Children plant hundreds of natives in farm restoration project

Southbridge School pupils have planted hundreds of native trees and hunted for bugs on farmland alongside the Lee River.

About 30 pupils helped plant 400 trees as part of a Kids Discovery Plant-Out Day, supported by Te Ara Kākāriki and Ellesmere Sustainable Agriculture.

Photo: Supplied
Photo: Supplied
The day included a variety of learning opportunities - but the 'Bug Hunt' with Environment Canterbury senior youth engagement adviser, Matt Stanford, was particularly popular.

He explained the importance of invertebrates in the ecosystem and then asked the pupils to search through the vegetation for specimens.

The children added their discoveries to the iNaturalist app, which allows their findings to be logged and confirmed by scientists. See the results here.

Teacher Simon Dakers said it had been inspiring for the pupils to take their learning about biodiversity and sustainability into the field.

They would continue to work on the site, monitoring it and calculating the presence of five native birds species and the percentage of plant survival in the first year.

Dakers said a bug hunt went down well with the kids.

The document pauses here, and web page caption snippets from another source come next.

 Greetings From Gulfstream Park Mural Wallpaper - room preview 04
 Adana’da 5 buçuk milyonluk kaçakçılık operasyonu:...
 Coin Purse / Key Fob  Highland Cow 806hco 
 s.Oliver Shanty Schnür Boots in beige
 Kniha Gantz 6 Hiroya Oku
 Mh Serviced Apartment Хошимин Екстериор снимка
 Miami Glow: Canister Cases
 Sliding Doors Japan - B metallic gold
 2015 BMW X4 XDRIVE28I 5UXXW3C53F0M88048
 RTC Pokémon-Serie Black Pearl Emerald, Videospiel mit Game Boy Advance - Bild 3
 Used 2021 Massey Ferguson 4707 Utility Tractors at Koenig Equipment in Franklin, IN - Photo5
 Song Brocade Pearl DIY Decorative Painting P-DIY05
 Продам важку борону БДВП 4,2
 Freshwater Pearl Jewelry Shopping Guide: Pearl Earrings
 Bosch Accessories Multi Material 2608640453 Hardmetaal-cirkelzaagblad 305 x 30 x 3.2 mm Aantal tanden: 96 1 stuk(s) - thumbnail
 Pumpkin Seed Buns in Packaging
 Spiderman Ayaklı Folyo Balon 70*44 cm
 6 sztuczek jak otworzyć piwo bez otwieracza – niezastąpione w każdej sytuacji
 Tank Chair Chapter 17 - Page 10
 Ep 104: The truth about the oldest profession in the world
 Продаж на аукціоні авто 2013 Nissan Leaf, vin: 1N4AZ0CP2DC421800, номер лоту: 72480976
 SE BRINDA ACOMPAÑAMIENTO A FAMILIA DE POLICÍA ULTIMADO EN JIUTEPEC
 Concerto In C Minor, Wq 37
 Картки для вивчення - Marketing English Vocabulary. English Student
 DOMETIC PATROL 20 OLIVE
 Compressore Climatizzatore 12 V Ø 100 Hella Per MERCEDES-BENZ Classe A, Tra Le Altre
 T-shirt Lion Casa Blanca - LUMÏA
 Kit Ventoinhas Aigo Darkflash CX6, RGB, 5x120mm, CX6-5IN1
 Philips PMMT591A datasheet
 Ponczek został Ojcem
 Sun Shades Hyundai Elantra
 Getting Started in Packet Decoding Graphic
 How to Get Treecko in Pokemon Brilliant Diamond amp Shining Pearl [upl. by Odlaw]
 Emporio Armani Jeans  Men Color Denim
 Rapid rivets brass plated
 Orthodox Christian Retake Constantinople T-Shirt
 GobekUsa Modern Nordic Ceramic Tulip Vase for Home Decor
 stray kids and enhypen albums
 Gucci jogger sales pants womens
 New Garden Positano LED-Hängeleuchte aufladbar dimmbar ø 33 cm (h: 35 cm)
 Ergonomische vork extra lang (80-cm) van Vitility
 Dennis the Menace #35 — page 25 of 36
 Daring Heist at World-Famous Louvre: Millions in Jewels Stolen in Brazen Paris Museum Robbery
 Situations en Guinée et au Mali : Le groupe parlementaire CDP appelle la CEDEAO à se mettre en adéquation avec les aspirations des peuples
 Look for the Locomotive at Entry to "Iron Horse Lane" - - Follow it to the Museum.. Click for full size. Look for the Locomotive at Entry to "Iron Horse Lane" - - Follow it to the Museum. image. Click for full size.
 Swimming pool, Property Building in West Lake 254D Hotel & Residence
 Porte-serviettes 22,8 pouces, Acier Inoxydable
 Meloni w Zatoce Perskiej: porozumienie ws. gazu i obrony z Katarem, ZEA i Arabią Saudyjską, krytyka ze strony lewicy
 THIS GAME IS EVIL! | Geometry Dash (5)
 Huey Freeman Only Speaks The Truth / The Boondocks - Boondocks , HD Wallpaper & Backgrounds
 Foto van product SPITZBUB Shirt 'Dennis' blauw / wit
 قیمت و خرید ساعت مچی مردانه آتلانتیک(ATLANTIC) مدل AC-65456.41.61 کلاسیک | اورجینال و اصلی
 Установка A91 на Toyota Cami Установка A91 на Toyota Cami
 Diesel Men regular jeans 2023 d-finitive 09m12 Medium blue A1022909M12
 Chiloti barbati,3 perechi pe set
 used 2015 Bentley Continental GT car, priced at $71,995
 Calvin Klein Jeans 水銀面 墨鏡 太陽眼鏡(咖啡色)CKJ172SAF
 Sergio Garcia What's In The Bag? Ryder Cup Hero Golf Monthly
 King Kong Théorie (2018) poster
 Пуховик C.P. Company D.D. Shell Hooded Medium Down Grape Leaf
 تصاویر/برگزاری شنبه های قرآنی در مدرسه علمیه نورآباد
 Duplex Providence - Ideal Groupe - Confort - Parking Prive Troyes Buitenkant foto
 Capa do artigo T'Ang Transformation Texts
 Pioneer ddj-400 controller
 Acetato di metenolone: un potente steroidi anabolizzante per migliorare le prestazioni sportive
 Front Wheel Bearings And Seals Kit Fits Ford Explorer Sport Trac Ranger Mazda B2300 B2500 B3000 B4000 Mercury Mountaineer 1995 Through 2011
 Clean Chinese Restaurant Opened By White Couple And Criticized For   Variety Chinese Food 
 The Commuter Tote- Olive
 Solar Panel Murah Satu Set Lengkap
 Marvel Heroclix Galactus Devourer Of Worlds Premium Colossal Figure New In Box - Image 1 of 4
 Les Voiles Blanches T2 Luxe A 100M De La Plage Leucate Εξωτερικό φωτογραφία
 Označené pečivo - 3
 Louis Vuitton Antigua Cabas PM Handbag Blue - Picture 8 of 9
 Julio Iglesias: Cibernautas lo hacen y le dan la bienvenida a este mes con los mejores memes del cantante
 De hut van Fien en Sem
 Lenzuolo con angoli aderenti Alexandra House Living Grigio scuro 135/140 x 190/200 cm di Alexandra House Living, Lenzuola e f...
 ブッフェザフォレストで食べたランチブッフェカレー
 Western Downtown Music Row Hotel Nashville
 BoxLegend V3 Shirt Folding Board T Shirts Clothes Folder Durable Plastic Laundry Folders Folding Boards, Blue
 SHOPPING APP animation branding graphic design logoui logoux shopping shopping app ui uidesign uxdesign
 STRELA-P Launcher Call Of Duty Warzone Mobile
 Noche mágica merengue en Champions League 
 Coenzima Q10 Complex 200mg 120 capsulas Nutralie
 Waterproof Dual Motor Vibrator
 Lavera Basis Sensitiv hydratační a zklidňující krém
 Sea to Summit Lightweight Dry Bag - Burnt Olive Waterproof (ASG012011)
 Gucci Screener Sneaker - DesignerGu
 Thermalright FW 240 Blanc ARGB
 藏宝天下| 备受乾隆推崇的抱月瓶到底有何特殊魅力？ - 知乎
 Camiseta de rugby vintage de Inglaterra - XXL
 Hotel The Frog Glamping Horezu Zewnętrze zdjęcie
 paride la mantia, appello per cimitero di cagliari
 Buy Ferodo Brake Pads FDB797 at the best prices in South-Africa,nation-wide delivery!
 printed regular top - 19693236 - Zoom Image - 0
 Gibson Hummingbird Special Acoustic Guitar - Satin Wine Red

Project Tinaku co-ordinator Johanna Blakely thanked landowner Peter Legg for allowing the children "the opportunity to get involved in a restoration project so close to home".

Photo: Supplied
Photo: Supplied
"We are grateful to everybody who assisted on the day and of course for the funding provided by the Jobs for Nature programme, from the Ministry of Primary Industries, which enables the Tinaku project to carry out valuable restoration projects to improve the biodiversity of our region, but also provide opportunities for students to engage with natural spaces," said Blakely.